**PROBLEM DETAILS**.
Beginning with the line that contains "Volkswagen Passat Kombi 1,4 l 90 kw", reproduce the remaining lines of the material exactly, up to and including the last one, but no pictures.

**GIVEN INFORMATION**.
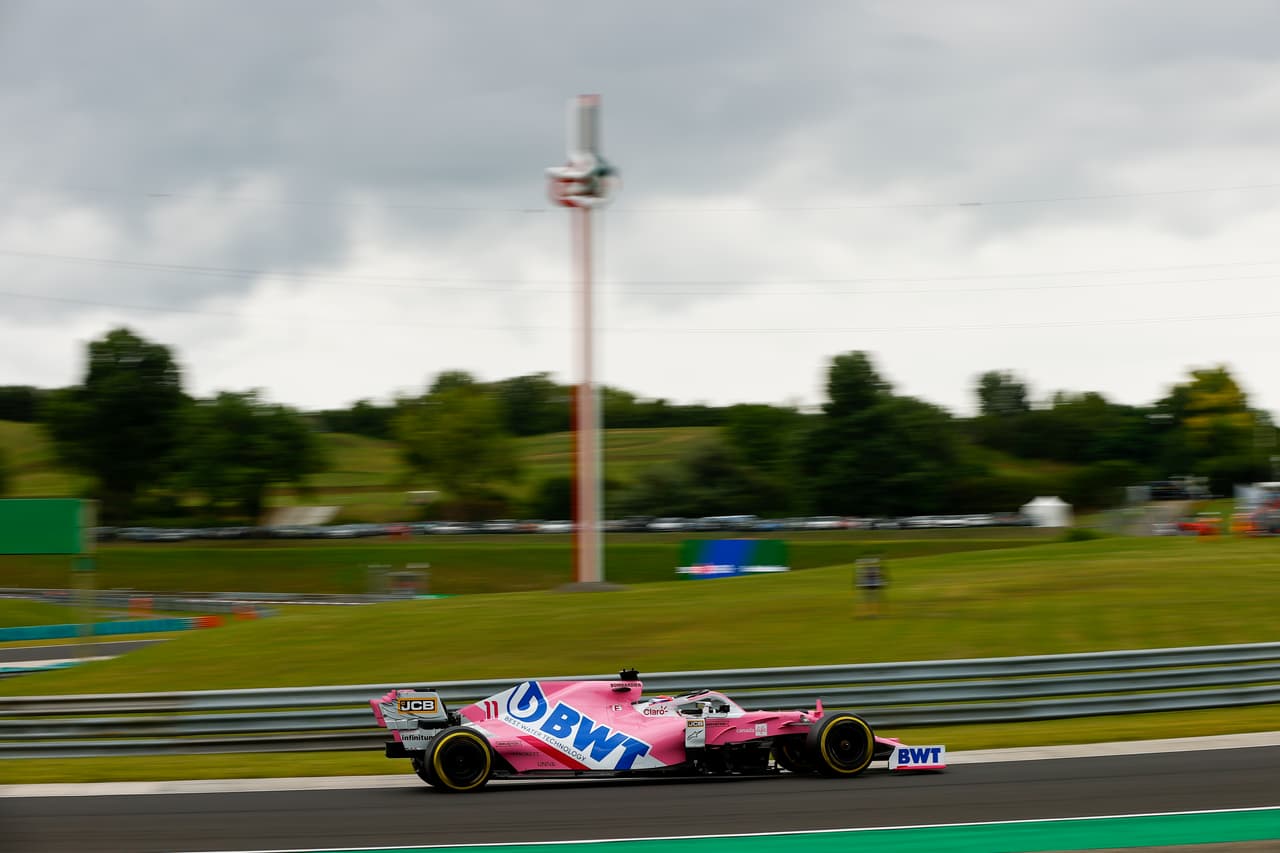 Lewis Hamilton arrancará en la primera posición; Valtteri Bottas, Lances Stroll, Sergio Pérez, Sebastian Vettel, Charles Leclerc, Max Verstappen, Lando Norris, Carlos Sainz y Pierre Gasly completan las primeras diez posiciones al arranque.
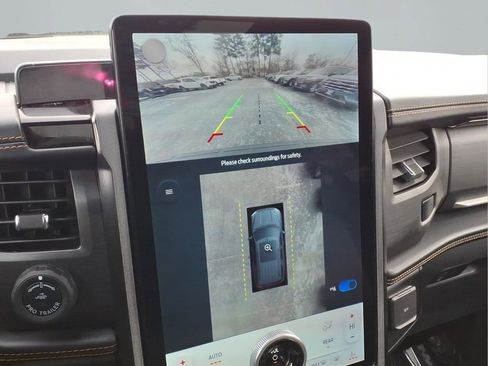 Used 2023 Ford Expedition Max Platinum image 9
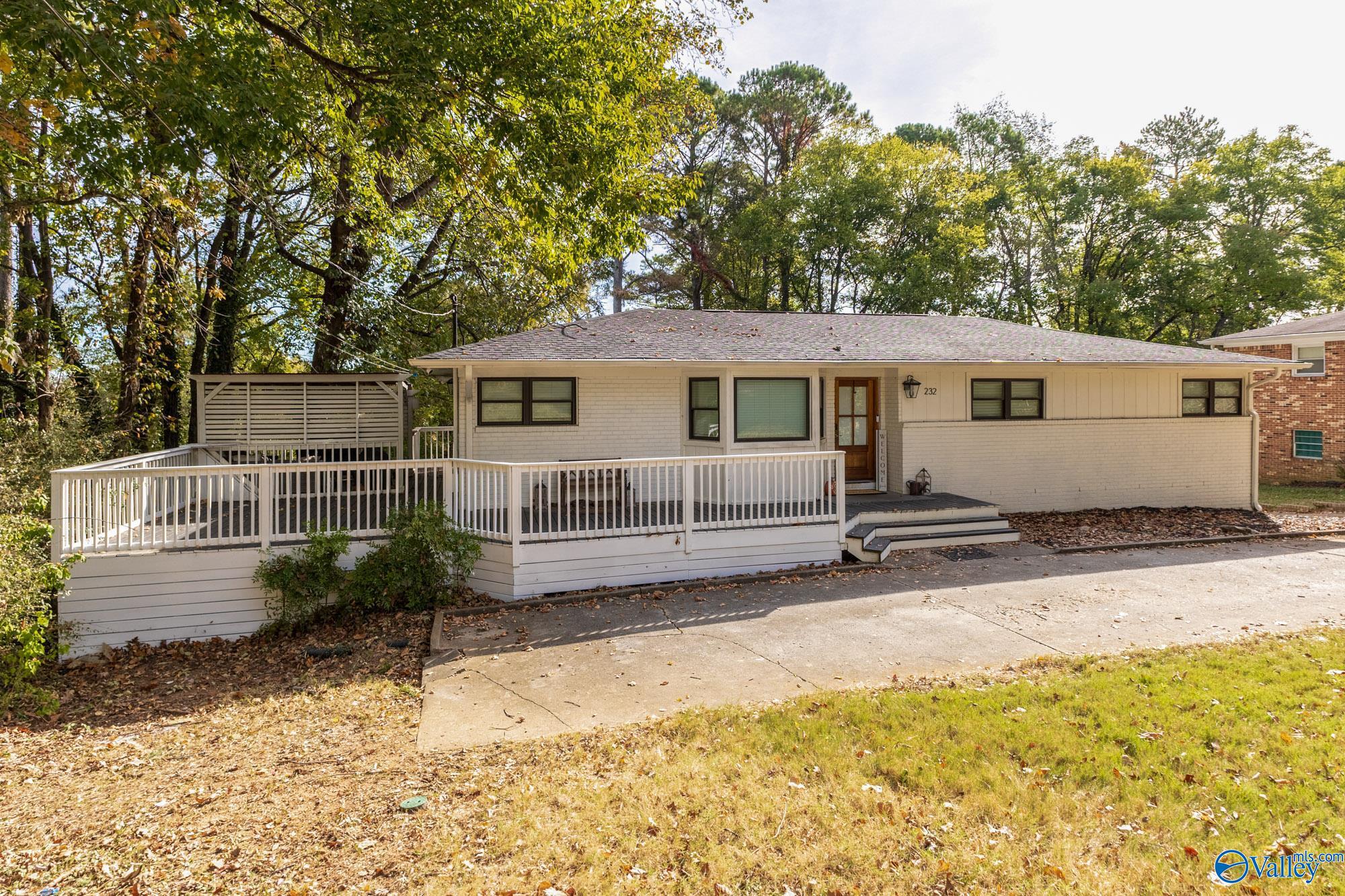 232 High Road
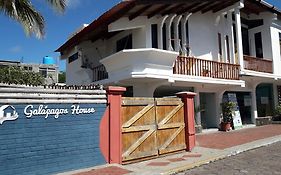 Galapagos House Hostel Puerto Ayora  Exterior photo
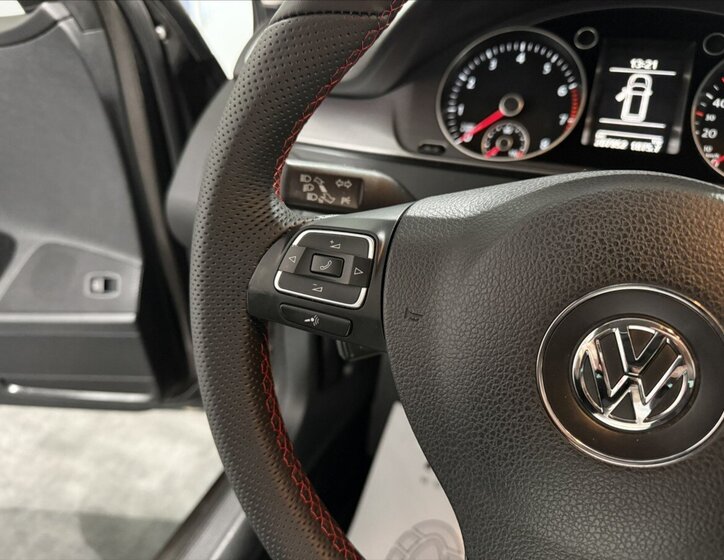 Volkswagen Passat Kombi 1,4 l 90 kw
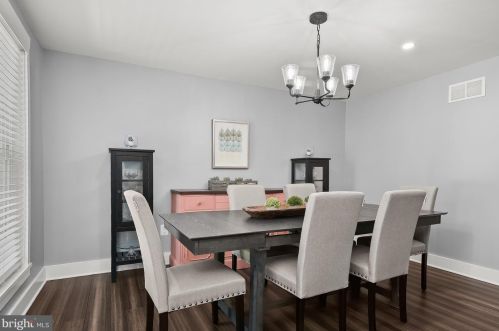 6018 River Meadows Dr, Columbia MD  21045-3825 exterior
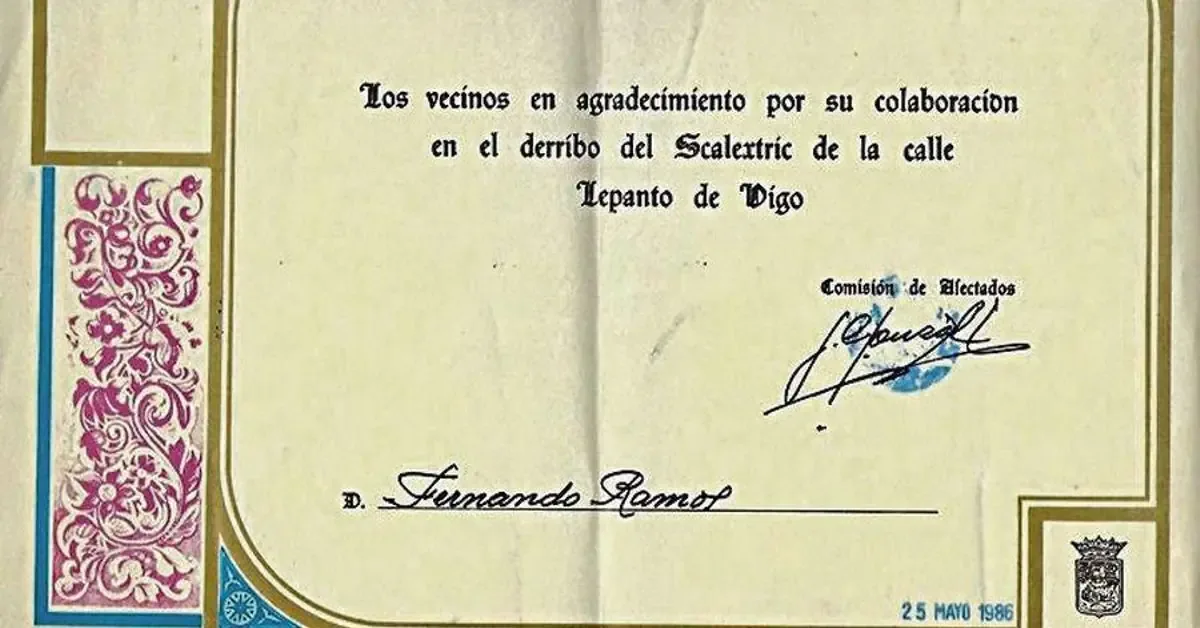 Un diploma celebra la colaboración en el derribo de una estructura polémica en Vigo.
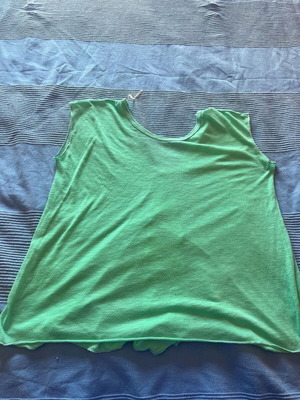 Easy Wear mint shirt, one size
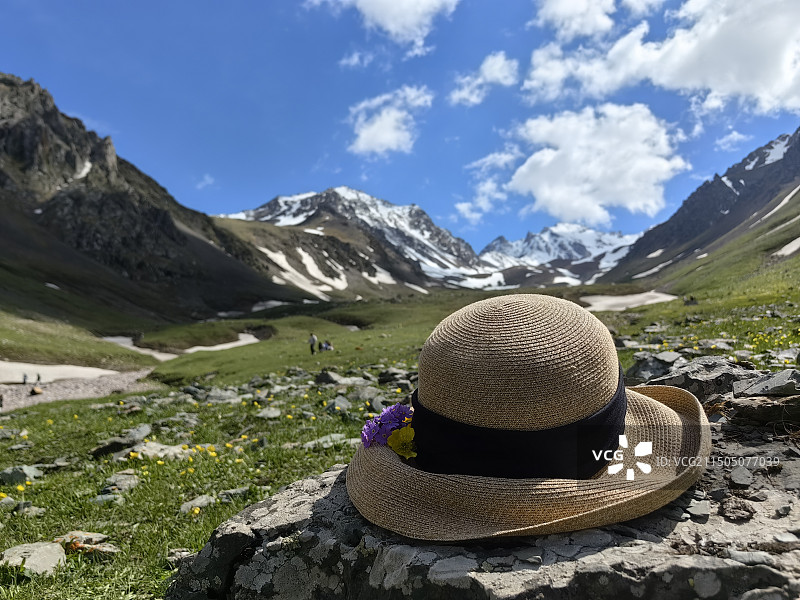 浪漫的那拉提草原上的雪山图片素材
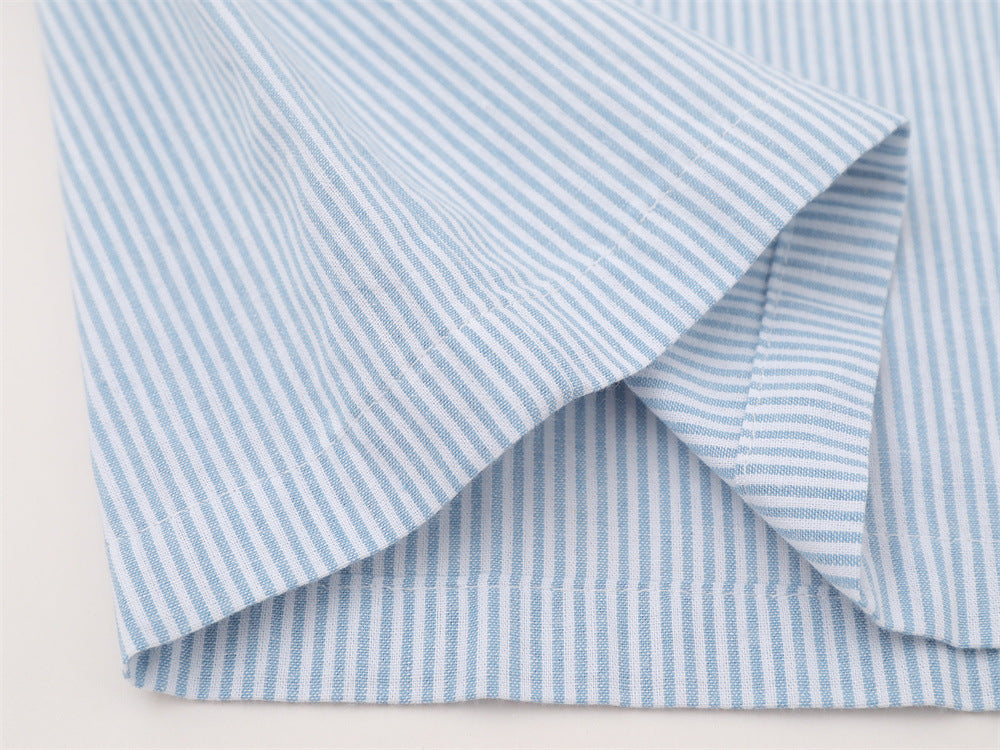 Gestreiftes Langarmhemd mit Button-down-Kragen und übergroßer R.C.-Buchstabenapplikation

**THE COMPLETED TASK**.
 Volkswagen Passat Kombi 1,4 l 90 kw
 6018 River Meadows Dr, Columbia MD  21045-3825 exterior
 Un diploma celebra la colaboración en el derribo de una estructura polémica en Vigo.
 Easy Wear mint shirt, one size
 浪漫的那拉提草原上的雪山图片素材
 Gestreiftes Langarmhemd mit Button-down-Kragen und übergroßer R.C.-Buchstabenapplikation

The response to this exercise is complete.